--- Provided material Enclosed Below ---
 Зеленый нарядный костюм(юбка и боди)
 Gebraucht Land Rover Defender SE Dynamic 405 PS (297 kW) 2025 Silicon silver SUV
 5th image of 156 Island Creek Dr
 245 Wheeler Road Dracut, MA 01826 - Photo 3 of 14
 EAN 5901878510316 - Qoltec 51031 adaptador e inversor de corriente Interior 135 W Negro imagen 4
--- End of Enclosed Provided material ---
--- Provided material Enclosed Below ---
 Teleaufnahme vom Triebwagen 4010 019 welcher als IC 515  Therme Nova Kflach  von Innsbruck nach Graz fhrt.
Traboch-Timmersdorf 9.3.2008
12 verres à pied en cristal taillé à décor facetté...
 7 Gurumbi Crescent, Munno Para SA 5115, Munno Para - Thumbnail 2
--- End of Enclosed Provided material ---
Your answer should be the lines above from the one containing "Teleaufnahme vom Triebwagen" through the one containing "7 Gurumbi Crescent, Munno", copied exactly and with both ends kept.

**Answer to the exercise**.
 Teleaufnahme vom Triebwagen 4010 019 welcher als IC 515  Therme Nova Kflach  von Innsbruck nach Graz fhrt.
Traboch-Timmersdorf 9.3.2008
12 verres à pied en cristal taillé à décor facetté...
 7 Gurumbi Crescent, Munno Para SA 5115, Munno Para - Thumbnail 2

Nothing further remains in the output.